= What you are asked to do =
With the pictures left out, copy the records below exactly from the first line down to the line holding "Eduardo Bolsonaro desiste", and include that line.

[Scraped caption text data]

.....

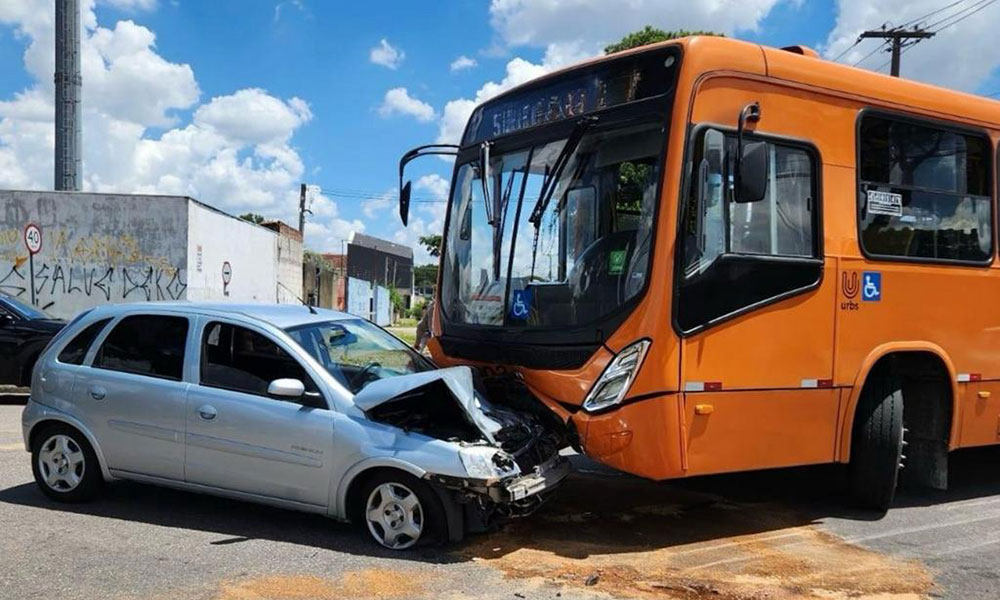 Colisão entre carro e ônibus deixa um morto na zona rural de Belo Campo
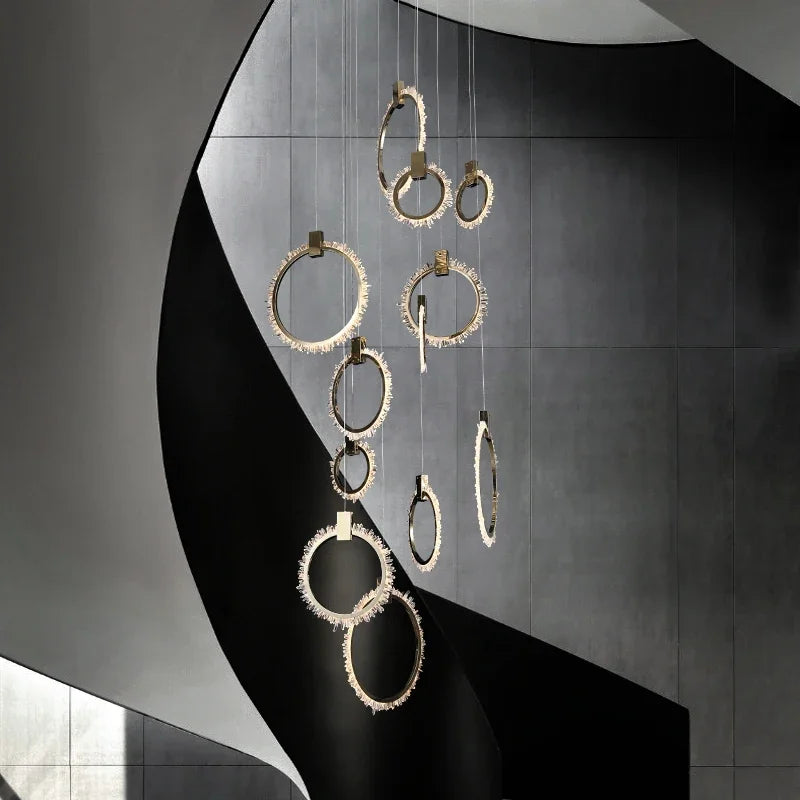 suspension circulaire or élégante strass contemporaine clips câbles haute qualité certifications multiples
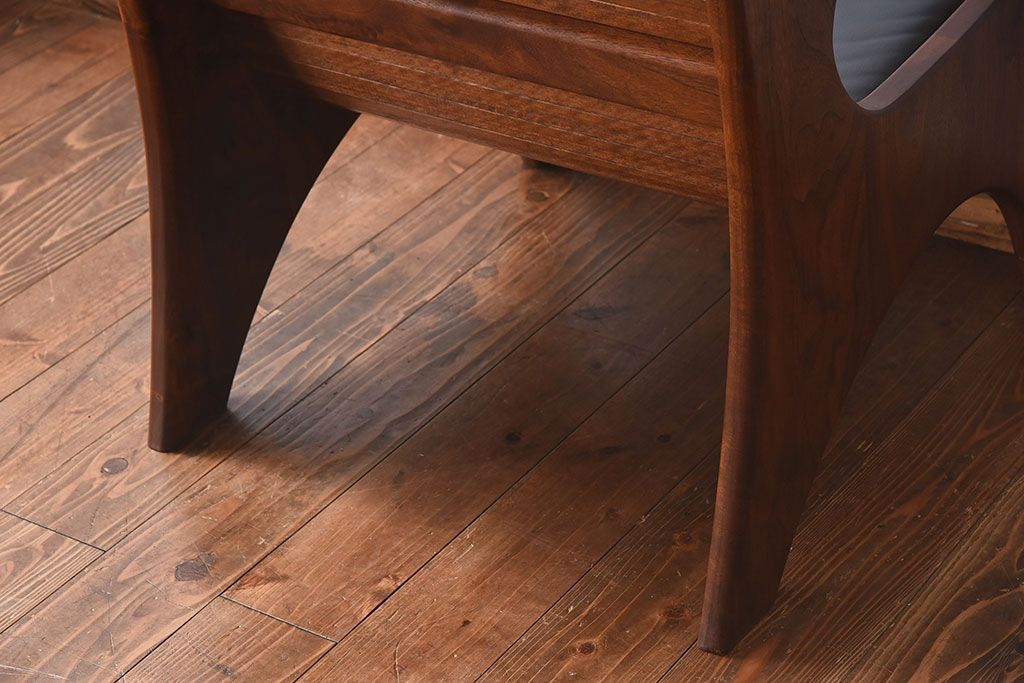 中古美品　大原一徳　牛革使用!ウォールナット材の上質なパーソナルチェア(椅子、イス)(定価約17万円)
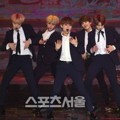 Bangtan Boys Gemparkan Panggung Seoul Music Awards 2017 dengan Bawakan Lagu 'Blood Sweat & Tears' dan 'Fire'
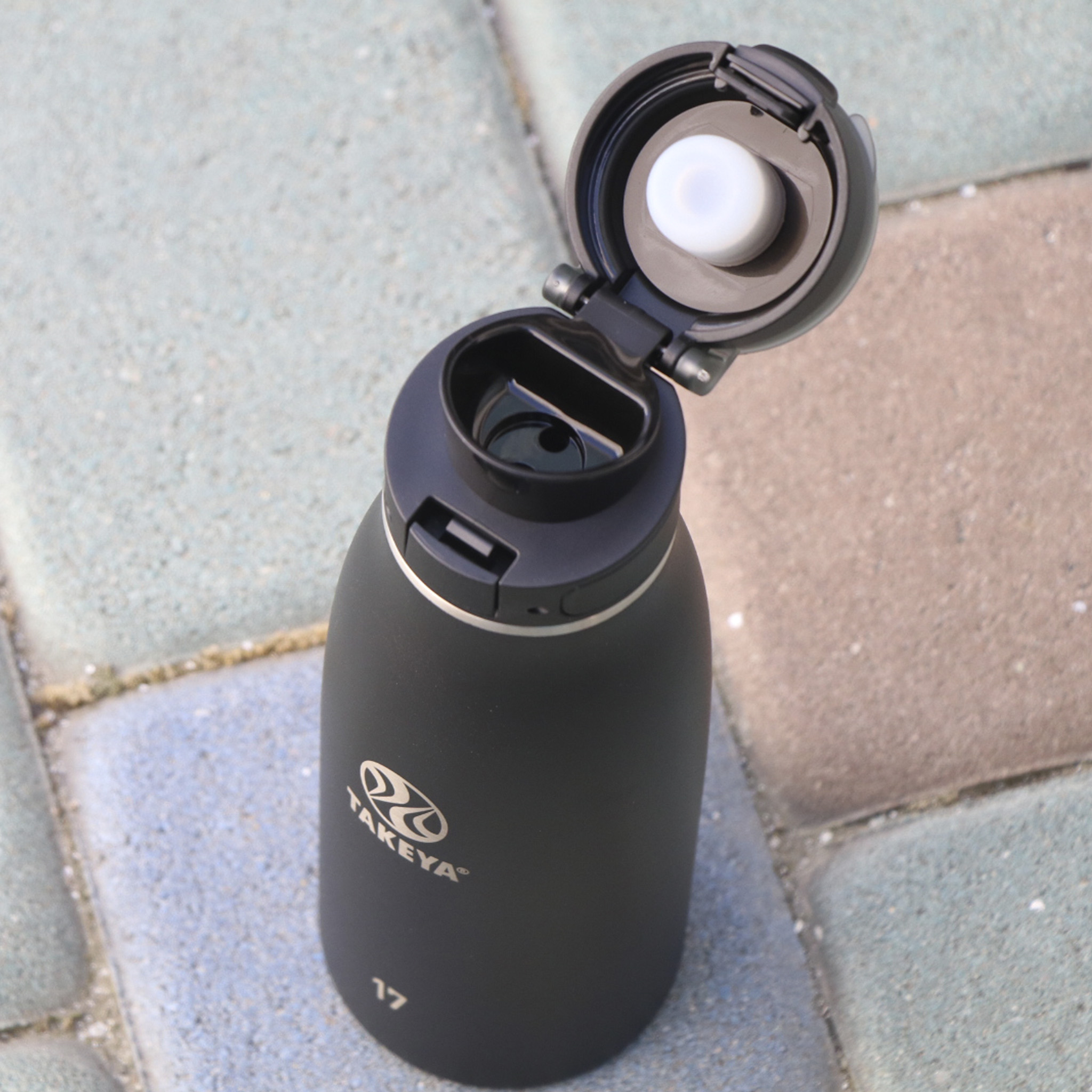 Traveler FlipLock™ Lid – Takeya USA Traveler FlipLock™ Lid – Takeya USA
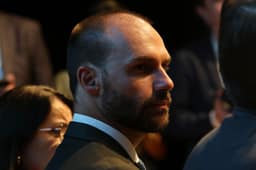 Eduardo Bolsonaro desiste de concorrer como suplente ao Senado em SP e indica aliada para vaga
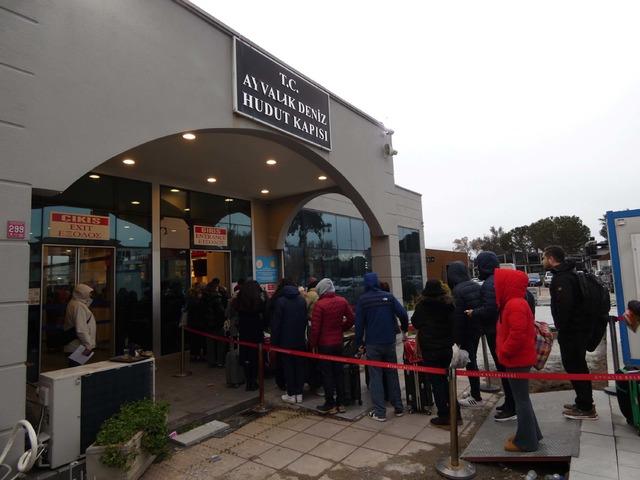 Ayvalık Deniz Hudut Kapısı nda  Midilli  yoğunluğu bu bayram azaldı 2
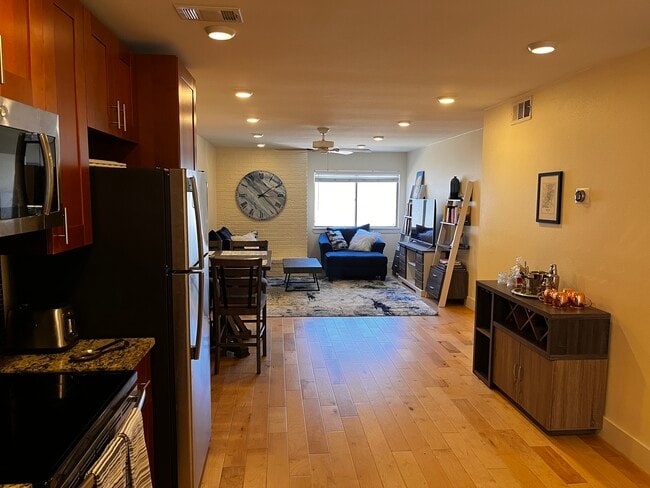 Sala de estar, vista desde la cocina. - 909 Reinli St Unidad 213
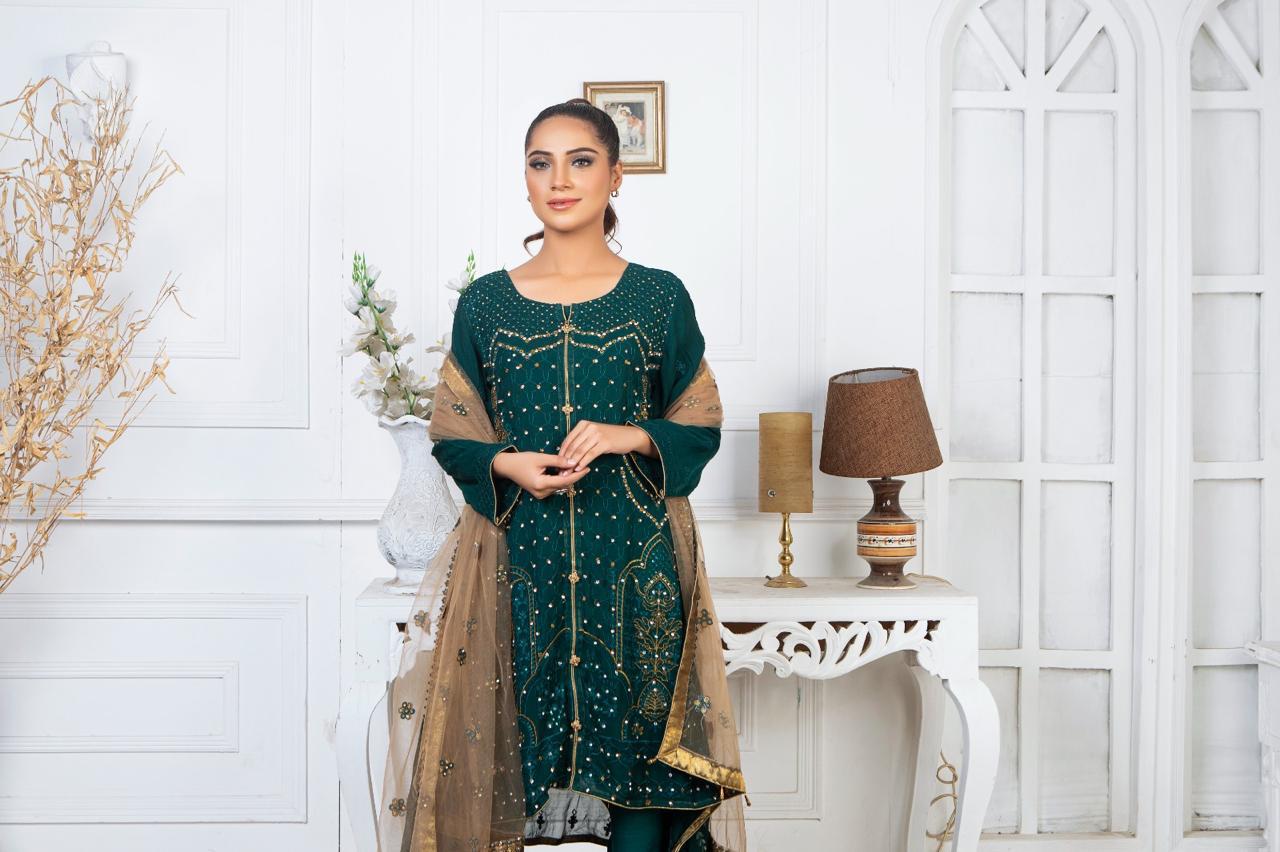 Pure Crinkle Suit – Luxe Festive Edit (MD 07)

.....

= Exercise result =
 Colisão entre carro e ônibus deixa um morto na zona rural de Belo Campo
 suspension circulaire or élégante strass contemporaine clips câbles haute qualité certifications multiples
 中古美品　大原一徳　牛革使用!ウォールナット材の上質なパーソナルチェア(椅子、イス)(定価約17万円)
 Bangtan Boys Gemparkan Panggung Seoul Music Awards 2017 dengan Bawakan Lagu 'Blood Sweat & Tears' dan 'Fire'
 Traveler FlipLock™ Lid – Takeya USA Traveler FlipLock™ Lid – Takeya USA
 Eduardo Bolsonaro desiste de concorrer como suplente ao Senado em SP e indica aliada para vaga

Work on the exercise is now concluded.